On Wed, 12 Nov 1997, Richard K. Moore wrote:

> The first program in this array was the division of the world into three
> distinct partitions: the socialist (demarcated by the "Iron Curtain"), the
> core (Western Europe, USA, Canada, Australia, New Zealand, Japan [?]) and
> the periphery (ie, the Third World). [wsn readers: exactly how should I
> attribute the core-periphery terminology? And need I apologize for my
> usage/ interpretation?]

The core-periphery thing probably stems from Immanuel Wallerstein, though
don't quote me on this -- he may have borrowed it from someone else. I'm
not sure, however, that the typology quite holds up for the case of East
Asia and Central Europe; these zones of the world economy were 10-20% as
wealthy per capita as America in 1950, and were a motley collection of
burnt-out war-ravaged economies. I think Wallerstein talks somewhere about
the "semi-periphery", which can either rise a la Japan and South Korea in
the global food chain, or deteriorate a la Britain and Argentina. You
could also argue that whereas multinational corporations and global
financial markets are clearly the hegemonic social forces in the
Anglo-Saxon countries, things are trickier in the EU and East Asia, where
global integration seems to be taking a far more nuanced, complicated
path.

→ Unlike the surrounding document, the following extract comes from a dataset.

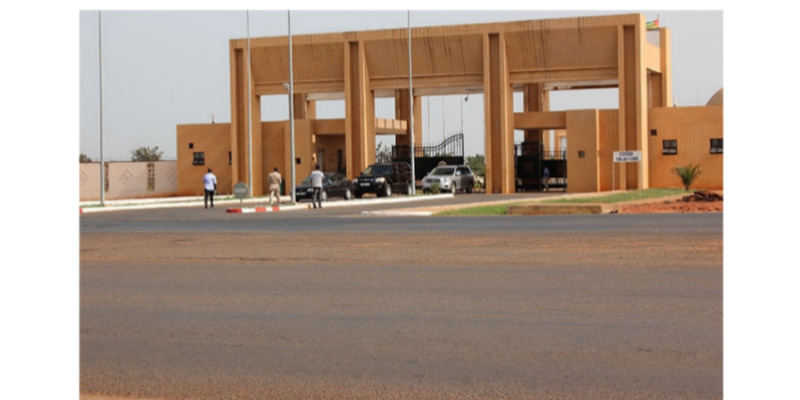 Togo : 54 millions F CFA escroqués à 4 personnalités qui voulaient être nommées au Gouvernement ?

Why have an EU at all if corporations already rule the world? Well,
the answer is, the EU isn't just about corporate power, it's also about
extending democracy and the reach of the welfare state onto a dangerously
(from capital's point of view) or emancipatory (if you're a Leftie)
transnational level.

My own suspicion is that, barring major political changes, the US may well
lose its "core" status in the medium-term future, due to the rise of the
euro, more efficient East Asian coordination, and the generalized
neoliberal decadence of what used to be the American Empire, and become
a very large but declining semi-periphery. But maybe that's too
pessimistic; maybe Microsoft and Silicon Valley will somehow pay for our
trade deficits and invest in our schools after all. Ya gotta dream!